**Assignment**
Verbatim copy without images: return all of the data as it stands.

**Given material**
- - - - - - -

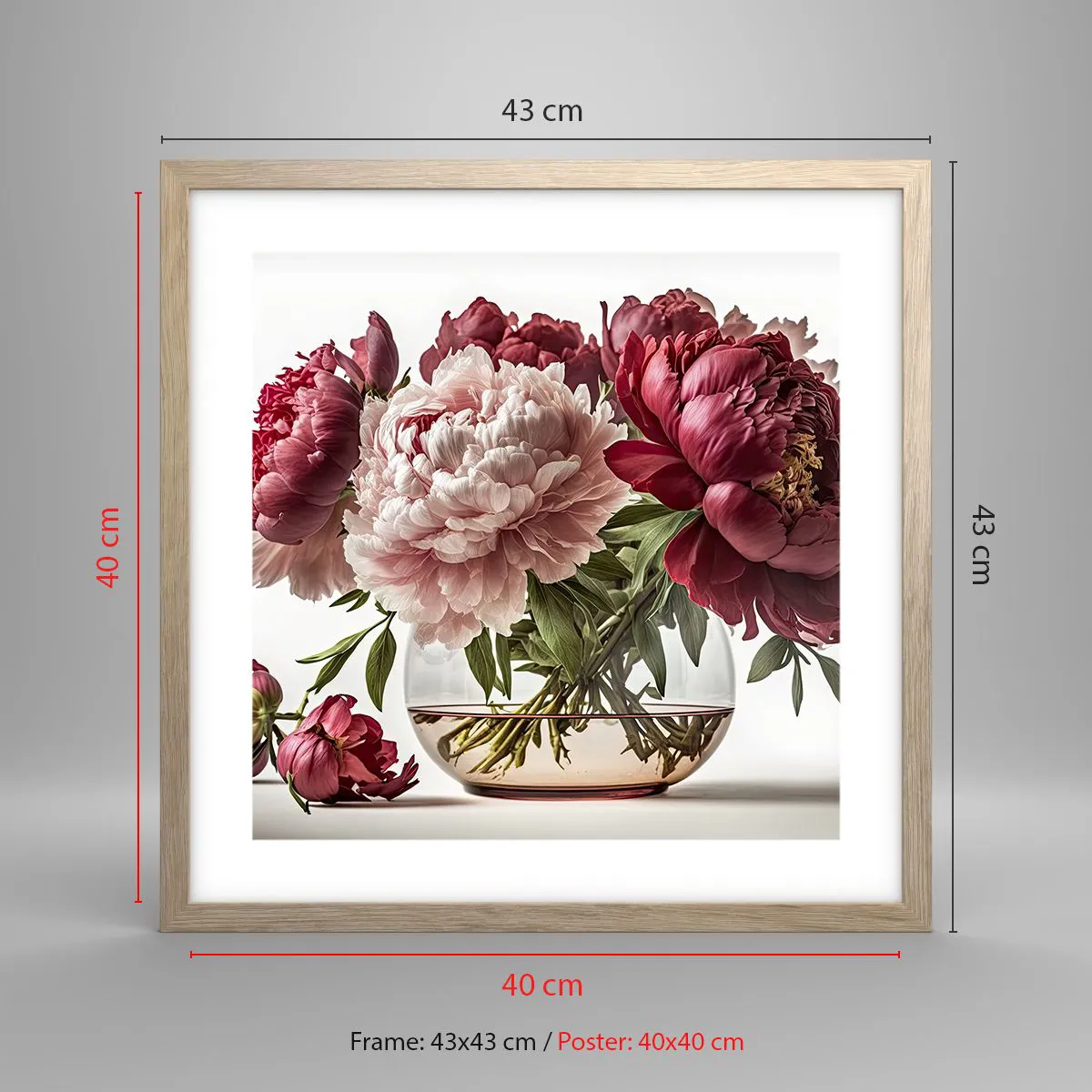 Plakát v rámu světlý dub - V plném rozkvětu krásy - 40x40 cm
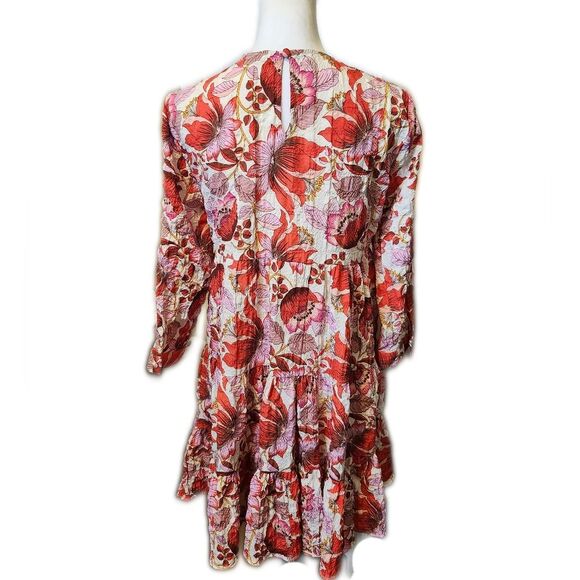 Zara Long Sleeved Floral Tiered Swing Mini Dress, Red Pink Mustard, XS - Picture 5 of 10
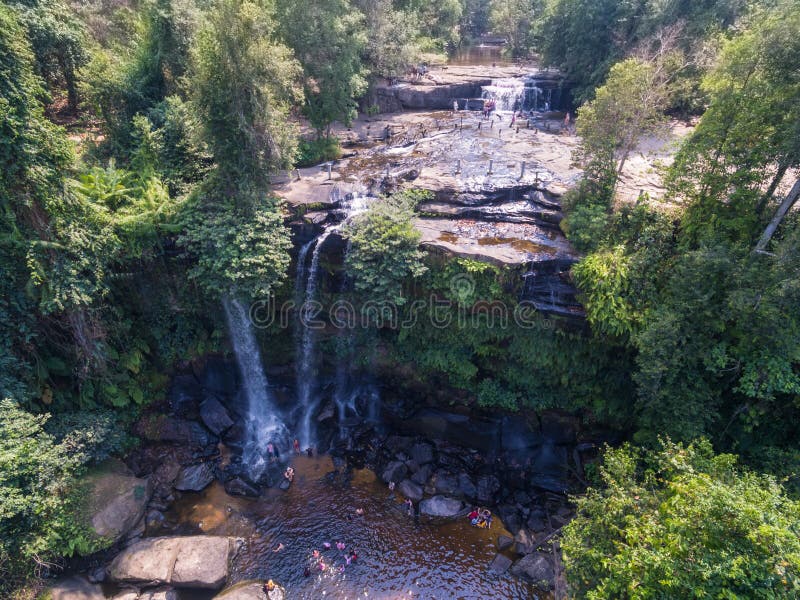 Waterfall in Phnom Kulen National Park stock images Waterfall in Phnom Kulen National Park stock images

- - - - - - -

**Answer section**
 Plakát v rámu světlý dub - V plném rozkvětu krásy - 40x40 cm
 Zara Long Sleeved Floral Tiered Swing Mini Dress, Red Pink Mustard, XS - Picture 5 of 10
 Waterfall in Phnom Kulen National Park stock images Waterfall in Phnom Kulen National Park stock images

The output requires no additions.